Written and Posted by Sarah
Dan Duryea starred in the 1952 drama, Chicago Calling. This was B-movie, set in a typical working man's neighborhood of Los Angeles, and the first film that he made after after his contract with Universal Studios was ended. Duryea played William Cannon, a down and out photographer whose wife and young daughter leave him at the beginning of the film. They are involved in a car wreck near Chicago, and the young daughter is severely injured.
The two hour film is spent with Duryea waiting for a call from his wife. His telephone is being turned off, however, so he spends twenty-four hours trying to raise $53.00 to pay his phone bill. Along the way, Duryea meets up with an orphan boy named Bobby (Gordon Gebert) who tries to help any way that he can.
I'm not going to put up a blow-by-blow synopsis, so if you're interested in that you can find it by CLICKING HERE. (This will open a window to the TCM site.)
Dan Duryea plays a very sorry character in this film and proves his dramatic acting ability. Little Gordon Gebert is fabulous! It's hard to know which character to watch, since both actors played their parts so well. My favorite scene is when Bill takes Bobby home after the baseball game and tucks him into bed. It's such a sweet little "speech" explaining that it's wrong to steal --- no matter what the circumstances. This is made even better coming from an actor that spends most of his on-screen appearances as a thief, blackmailer, swindler or worse.
The film is quite sad, but is a marvelous showcase for Dan Duryea's talent. You'll have a lump in your throat when he finally receives the call from his wife --- let alone at the finale on the railroad tracks.

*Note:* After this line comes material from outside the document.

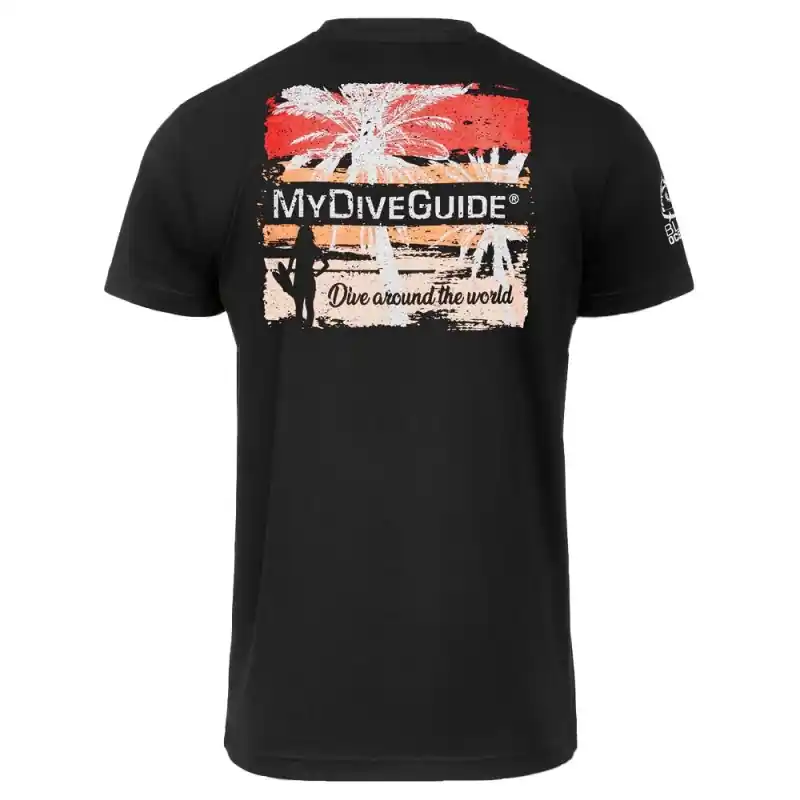 SSI - My Dive Guide - T-Shirt Rundhals - Herren Beliebt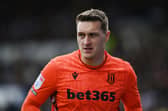Daniel Iverson's last competitive game came during a loan spell at Stoke last season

The film was a disappointment at the box office and actually failed to make enough money to recoup costs. The role turned out to be Dan Duryea's favorite, though, and here is the reason (in his own words from a 1965 interview):
"I took no salary [for "Chicago Calling"] but just a percentage of any profits. There weren't any, but I have no regrets. The role made my wife cry, and [that] was a tremendous complement from one whose judgement I revere."